- Born: 1995 (age 30–31)
- Education: University of Lviv
- Parent: Victor Neborak

= Bohdana Neborak =

Ukrainian cultural commentator and journalist

Bohdana Neborak (born 1995) is a Ukrainian cultural commentator and journalist. She is Editor-in-Chief of the magazine The Ukrainians! and host of the podcast “Наразі без назви”.

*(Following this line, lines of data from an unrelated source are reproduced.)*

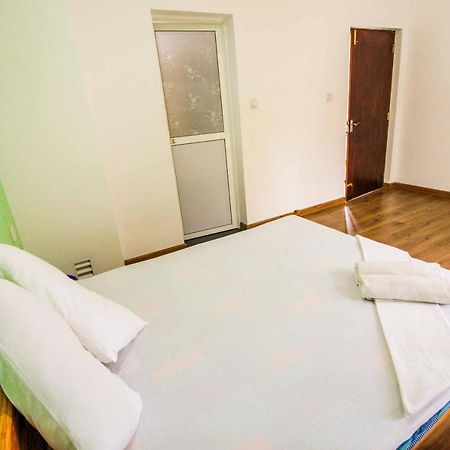 Yoho White Siri Hotel Panadura Ngoại thất bức ảnh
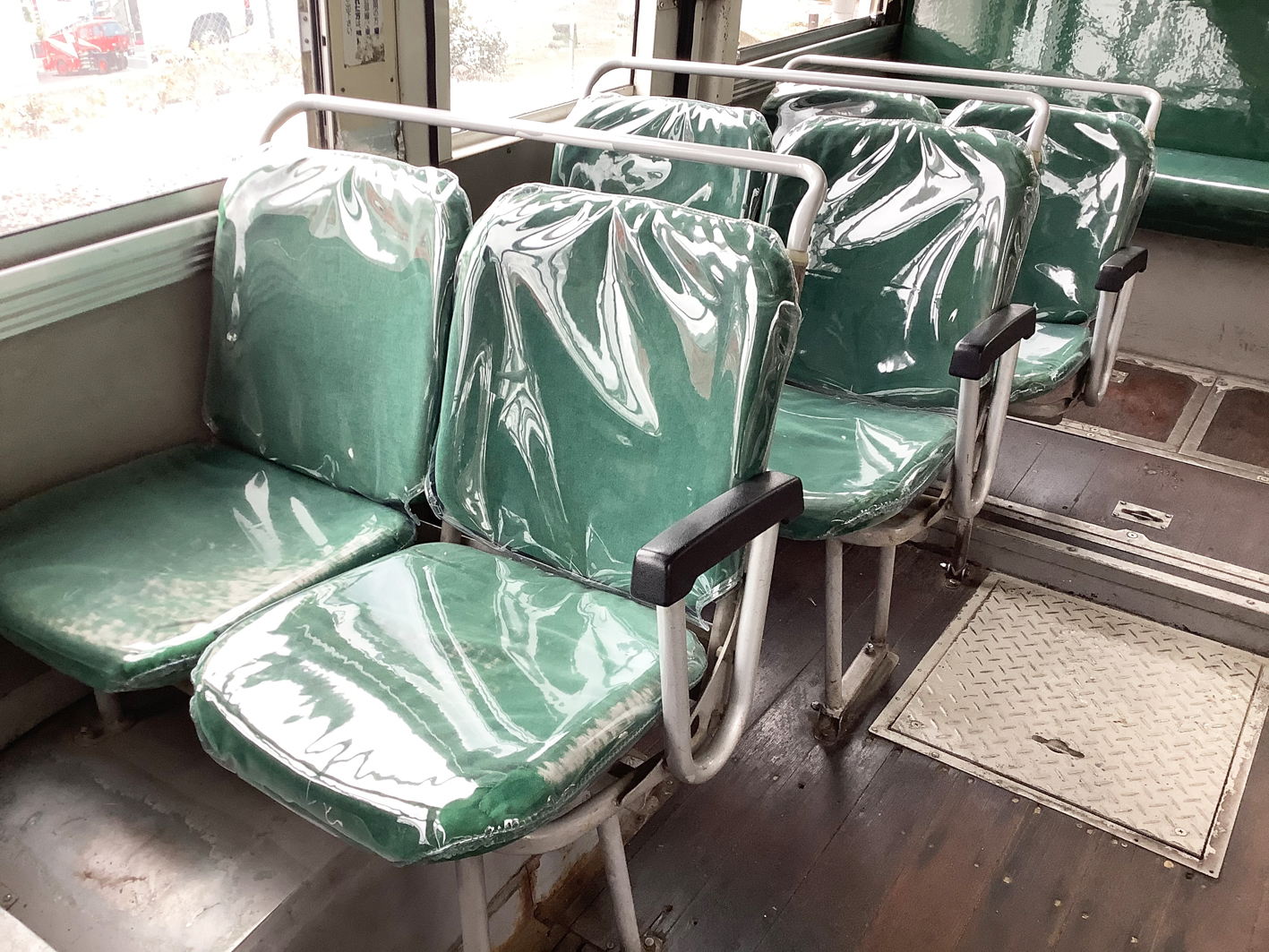 保存展示用：バス座椅子の透明フィルムカバー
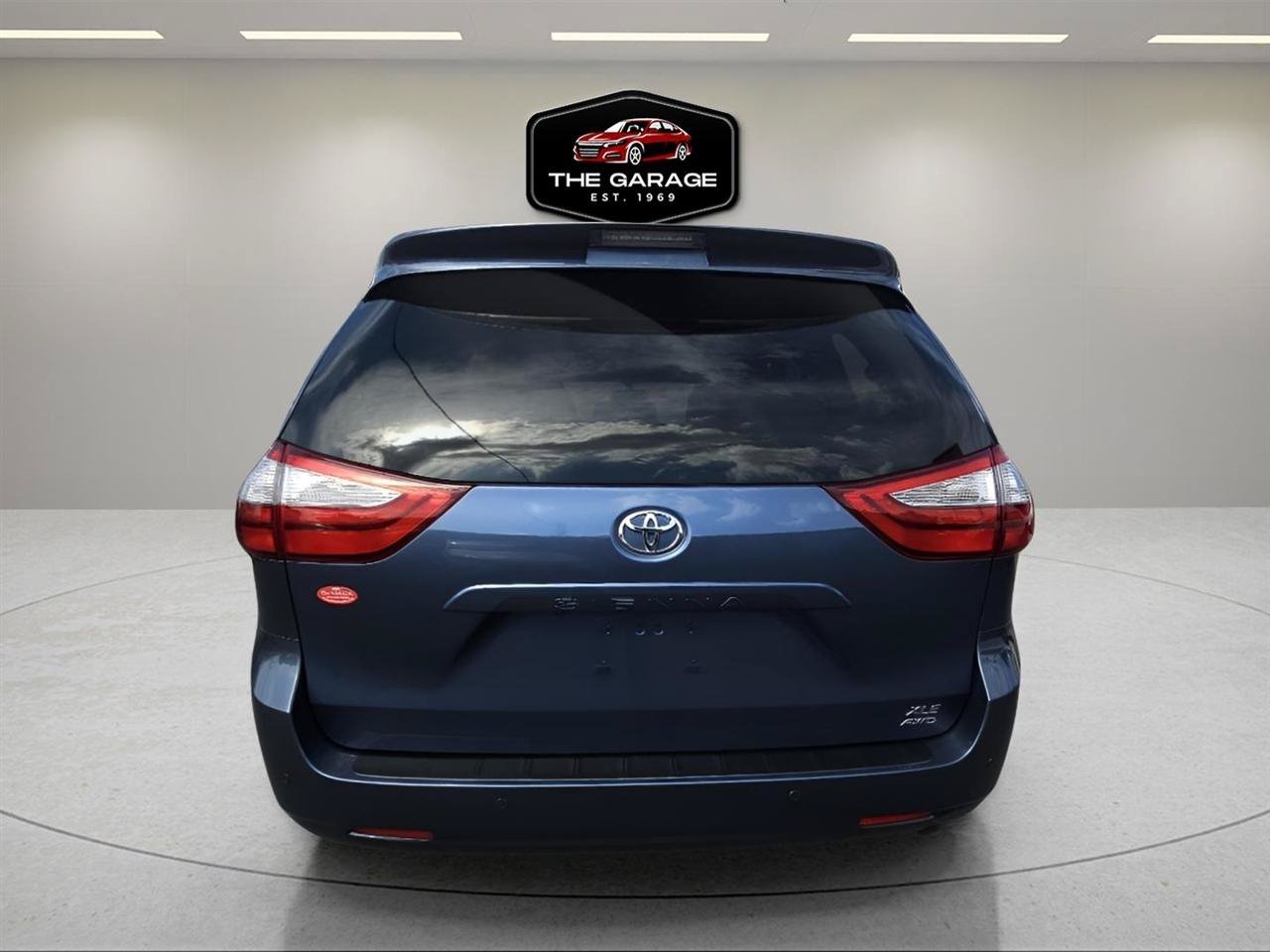 Used 2017 Toyota Sienna XLE Premium w/ Outdoor Package AWD/4WD image 5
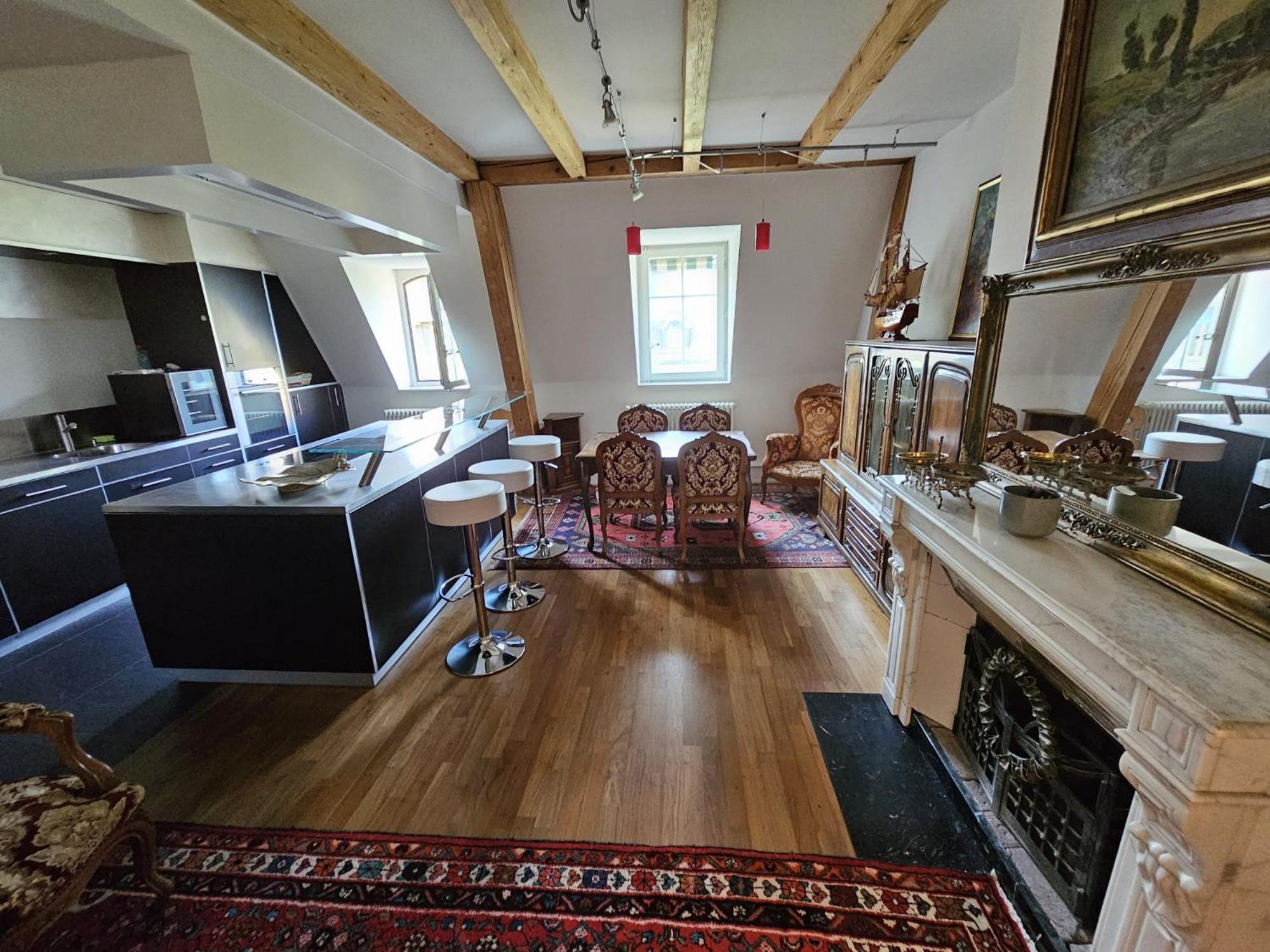 Double High-end & Up To 7 Seats Cars Option Apartment Bern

== Early life and education ==
Neborak grew up in Lviv. Her father, Viktor Neborak, is a writer. She earned a bachelor's degree in law at the University of Lviv.

== Career ==
She served as Head of Translation at the Ukrainian Book Institute. Here she worked to promote Ukrainian literature internationally. She worked on a programme called Translate Ukraine, which connected publishers and translators to spread Ukrainian art around the world. By the end of 2020, over 50 new translations of Ukrainian books had been created internationally. In 2020 the Kyiv Post named Neborak as one of Ukraine's Top 30 Under 30.

Neborak joined the magazine The Ukrainians!, where she was responsible for the reading section and worked to promote literature. Her first podcast, “Vzyala i Prochytala” (Up and Read), covered violence, hate speech and Ukrainian literature.

Neborak rose to prominence during the Russian invasion of Ukraine. At the start of the invasion she returned to Lviv. She has commented on the significance of historical artists on understanding the Russian invasion of Ukraine. She called for the world to elevate Ukrainian voices over Russian ones, and promoted Ukrainian authors in pop-up bookshops that opened during the Ukrainian blackouts.

Her podcast, “Наразі без назви” (Currently Untitled), was recognised as the best cultural podcast in 2022. The Guardian newspaper described her as one of Ukraine's most hopeful young women of 2023.